The guy whose job is supposed to be is in terrible shape even though he is the fastest guy here. He smokes and drinks caffeine excessively and he is a miserable wretch. He probably is also very physically sick from a life of excess. I was physically very sick and weak myself from excessive sugar consumption and the diabetes that played along with it to hurt me badly but I am recovering. We all have addictions here and sugar was mine. As it is I eat artificial sugar and it plays Hell with my digestion. Even though I don’t smoke, drink, or take hard drugs I take the most meds here. Addiction and mental illness seem to go hand and hand.
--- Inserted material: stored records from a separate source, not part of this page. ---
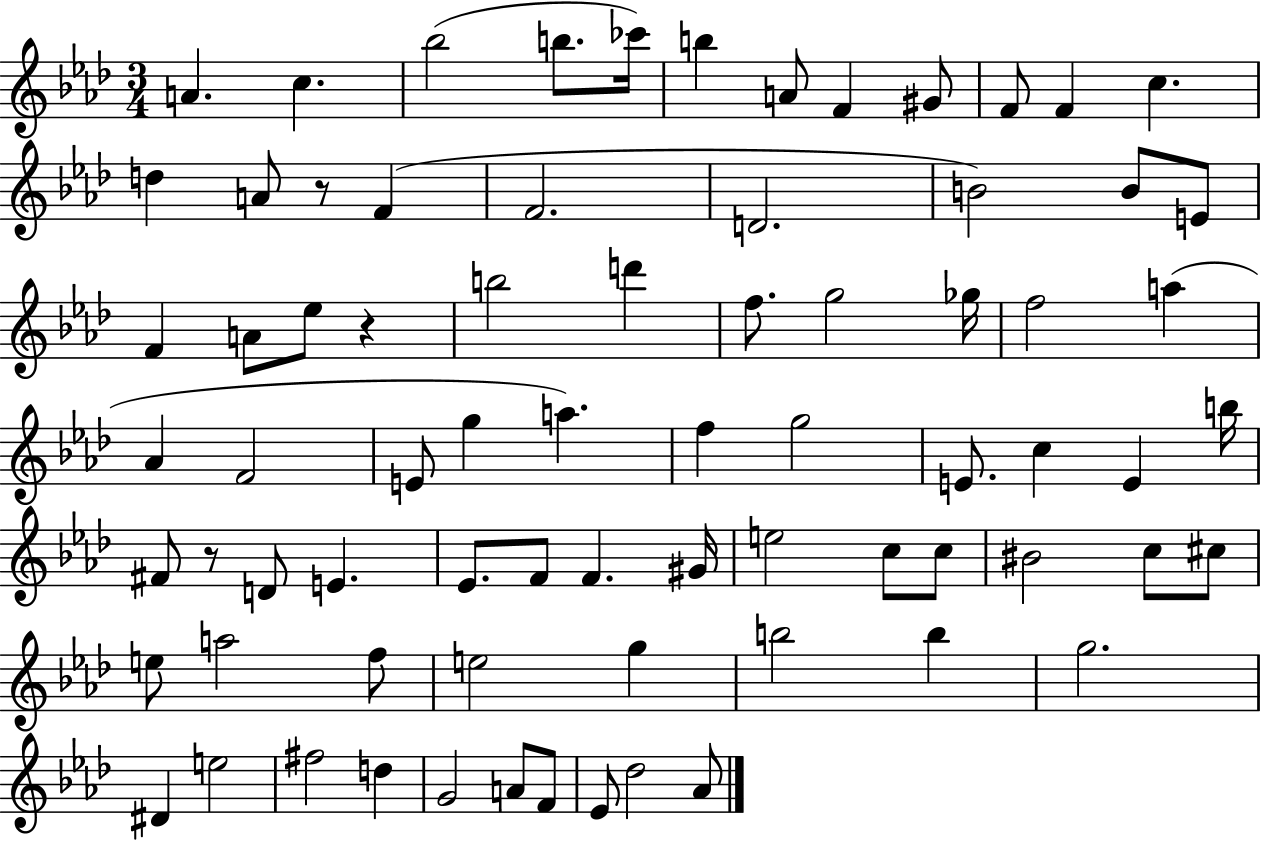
{
  \clef treble
  \numericTimeSignature
  \time 3/4
  \key aes \major
  a'4. c''4. | bes''2( b''8. ces'''16) | b''4 a'8 f'4 gis'8 | f'8 f'4 c''4. | \break d''4 a'8 r8 f'4( | f'2. | d'2. | b'2) b'8 e'8 | \break f'4 a'8 ees''8 r4 | b''2 d'''4 | f''8. g''2 ges''16 | f''2 a''4( | \break aes'4 f'2 | e'8 g''4 a''4.) | f''4 g''2 | e'8. c''4 e'4 b''16 | \break fis'8 r8 d'8 e'4. | ees'8. f'8 f'4. gis'16 | e''2 c''8 c''8 | bis'2 c''8 cis''8 | \break e''8 a''2 f''8 | e''2 g''4 | b''2 b''4 | g''2. | \break dis'4 e''2 | fis''2 d''4 | g'2 a'8 f'8 | ees'8 des''2 aes'8 | \break \bar "|."
}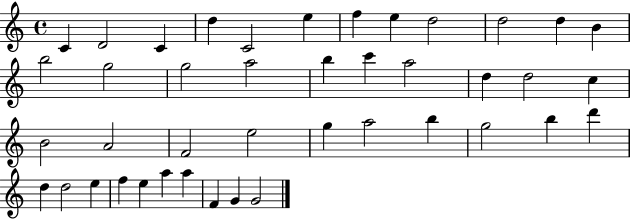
{
  \clef treble
  \time 4/4
  \defaultTimeSignature
  \key c \major
  c'4 d'2 c'4 | d''4 c'2 e''4 | f''4 e''4 d''2 | d''2 d''4 b'4 | \break b''2 g''2 | g''2 a''2 | b''4 c'''4 a''2 | d''4 d''2 c''4 | \break b'2 a'2 | f'2 e''2 | g''4 a''2 b''4 | g''2 b''4 d'''4 | \break d''4 d''2 e''4 | f''4 e''4 a''4 a''4 | f'4 g'4 g'2 | \bar "|."
}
We had a chance to ask the management yesterday for something for Christmas. I at first asked for winter gear but then another guy started asking for a nerf football. And then I asked for a soccer ball and a volley ball and we dreamed of getting back in shape. He said we could take a break every 15 minutes in this Spring daydream. Then he thought of something really radical. How about teddy bears? I then thought of how cool that actually was. There was something to hold on to at night in a World that actually was well lonely. Maybe I’m human after all.